All of the work that we will do during our migration will happen within a screen session. This allows us to easily jump between multiple terminal sessions, and allows us to pick up where we left off if we have to leave our local terminal or we get disconnected.
You can issue commands here and then disconnect the terminal, allowing it to continue running. You can disconnect at any time by typing:
CTRL-a d
You can reconnect later by typing:
screen -r
If you need to create another terminal window within your screen session, type:
CTRL-a c
To switch between windows, type these two to cycle through windows in either direction:
CTRL-a n
CTRL-a p
Destroy a window by typing:
CTRL-a k
Begin File Transfers Early
Inside of your screen session, start any rsync tasks that you anticipate taking a long time to complete. The time scale here depends on the amount of significant (non-database) data you have to transfer.
The general command you'll want to use is:
rsync -avz --progress source_server:/path/to/directory/to/transfer /path/to/local/directory
You can find out more about how to create appropriate rsync commands by reading this article. You may have to create the directories leading up to the destination in order for the command to execute properly.
When you have your rsync session running, create a new screen window and switch to it by typing:
CTRL-a c
Check back periodically to see if the syncing is complete and perhaps to start a subsequent sync by typing:
CTRL-a p
Adjusting the Script to Sync Data and Files
Now, you should add the same rsync command that you just executed into the script you are creating.
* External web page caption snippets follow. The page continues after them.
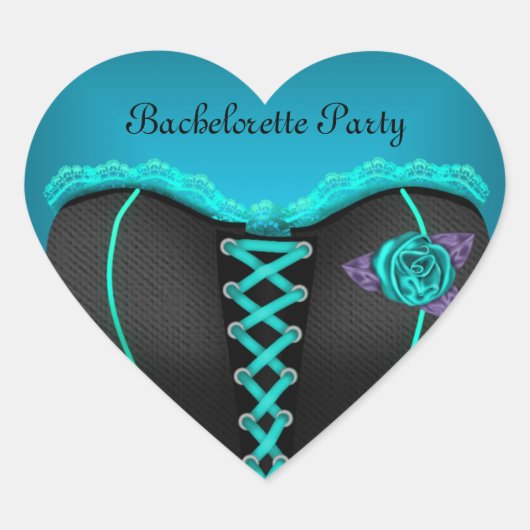Sticker Hart Bruidsfeestje Turquoise Blauw Corset (Voorkant)
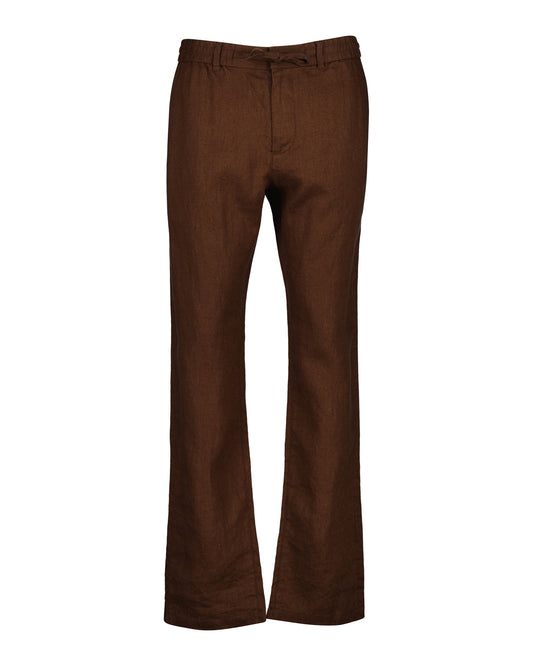 Lniane spodnie męskie regular fit brązowe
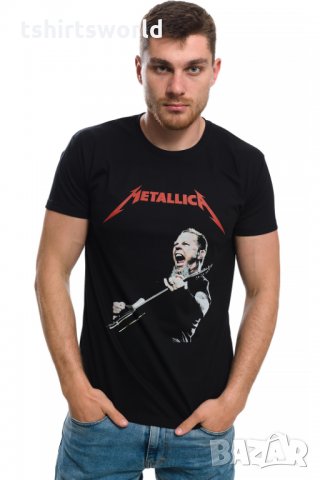 Нова мъжка тениска с дигитален печат на музикалната група METALLICA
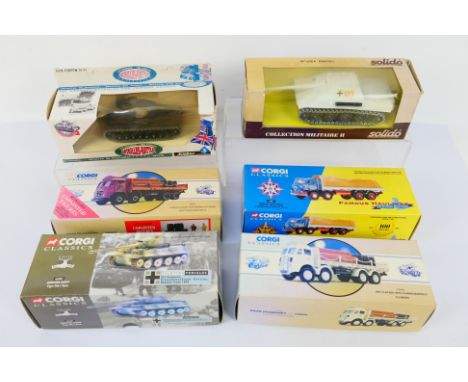 Corgi, Solido - 6 x boxed die-cast vehicles - Lot includes a Corgi #13901 'Basset Roadways' truck. A Corgi #66501 German Army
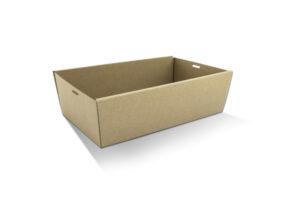 Brown Corrugated Rectangle Catering Tray Medium,H:80mm, 50pc/ctn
Add any additional rsync commands that you need in order to get all of your significant user and application data onto your target server.
We will not worry about database files at this point, because there are better methods of transferring those files. We will discuss these in a later section.
#!/bin/sh ############# # Prep Steps ############# # Add additional repositories to /etc/apt/source.list # deb http://example.repo.com/linux/deb stable main non-free # Install necessary software and versions # apt-get update # apt-get install apache2=2.2.22-1ubuntu1.4 mysql-server=5.5.35-0ubuntu0.12.04.2 libapache2-mod-auth-mysql=4.3.9-13ubuntu3 php5-mysql=5.3.10-1ubuntu3.9 php5=5.3.10-1ubuntu3.9 libapache2-mod-php5=5.3.10-1ubuntu3.9 php5-mcrypt=5.3.5-0ubuntu1 ############# # File Transfer ############# # Rsync web root rsync -avz --progress 111.222.333.444:/var/www/site1 /var/www/ # Rsync the apache configuration files rsync -avz --progress 111.222.333.444:/etc/apache2/* /etc/apache2/ # Rsync php configuration rsync -avz --progress 111.222.333.444:/etc/php5/* /etc/php5/ # Rsync mysql config files rsync -avz --progress 111.222.333.444:/etc/mysql/* /etc/mysql/ # Rsync home directories . . .
You should add any rsync commands that you need to transfer your data and configurations off of the source system.
This does not need to be perfect, because we can always go back and adjust it, so just try your best. If you're unsure of whether you need something right now, leave it out for the time being and just add a comment instead.
We will be running the script multiple times, allowing you to modify it to pick up additional files if you end up needing them. Being conservative about what you transfer will keep your target system clean of unnecessary files.
We are trying to replicate the functionality and data of the original system, and not necessarily the mess.
Modifying Configuration Files
Although many pieces of software will work exactly the same after transferring the relevant configuration details and data from the original server, some configuration will likely need to be modified.
This presents a slight problem with our syncing script. If we run the script to sync our data, and then modify the values to reflect the correct information for its new home, these changes will be wiped out the next time we run the script again.
Remember, we will likely be running the rsync script multiple times to catch up with changes that have occurred on the source system since we've started our migration. The source system can change significantly during the course of migrating and testing the new server.
There are two general paths that we can take to avoid wiping out our changes. First, I'll discuss the easy way, and follow up with what I consider the more robust solution.
The Quick and Dirty Way
The easy way of addressing this is to modify the files as needed on the target system after the first sync operation. Afterwards, you then can modify the rsync commands in your script to exclude the files that you adjusted.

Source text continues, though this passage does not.